I saw some Sunflowers knocked down by Irene. Oh the humanity! We… will… rebuild. Nothing seemed open this early.

I couldn’t find anyplace for lunch. I was prepared for disaster and what might come after but I forgot to plan for lunch! I went home and heated the turkey chili in the microwave which I ate with fat free soybean chips. The state of comfort food after you have a heart attack is pretty dismal.

Later on, more people on the street. Everybody being neighborly, everybody glad to see each other. Jersey City is so cool that way: faces recognizable that you don’t really know or talk to regularly but there’s a wave or nod and then at times like this, you pause and rap, happy this familiar stranger made it through.

Was it as bad predicted, no but you hear other stories, a buddy of mine in Westchester without power and flooded, North Carolina’s outer banks, parts of Vermont. The storm here was not as bad, destruction came in patches and that destruction was devestating.

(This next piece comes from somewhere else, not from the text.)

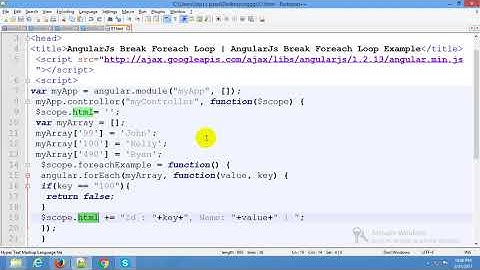 how to break foreach loop in AngularJs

No one in J.C. could think of a worse storm here either. Maybe it wasn’t as bad as the fear mongering weather reports would have us believe, but it was as bad as we’ve seen a storm be, which is saying a lot. Later in the day, walking around again, I went to the River, exchange Place. The wind was incredible. Flags were twisting in the wind. I saw a branch get ripped off a tree. In with intense humidity, out with furious gusts. The update on the JCI was about which Jersey City bars that would be opened tonight, fun, usefull story.





































I got down to the River and looked at the other shore, New York. Tom Verlaine once sang, I love Disaster, and I love what comes after. That false rhyme says a lot. Night falls, winds blow, the skies clear. Farewell Irene. We now return to our regular programming.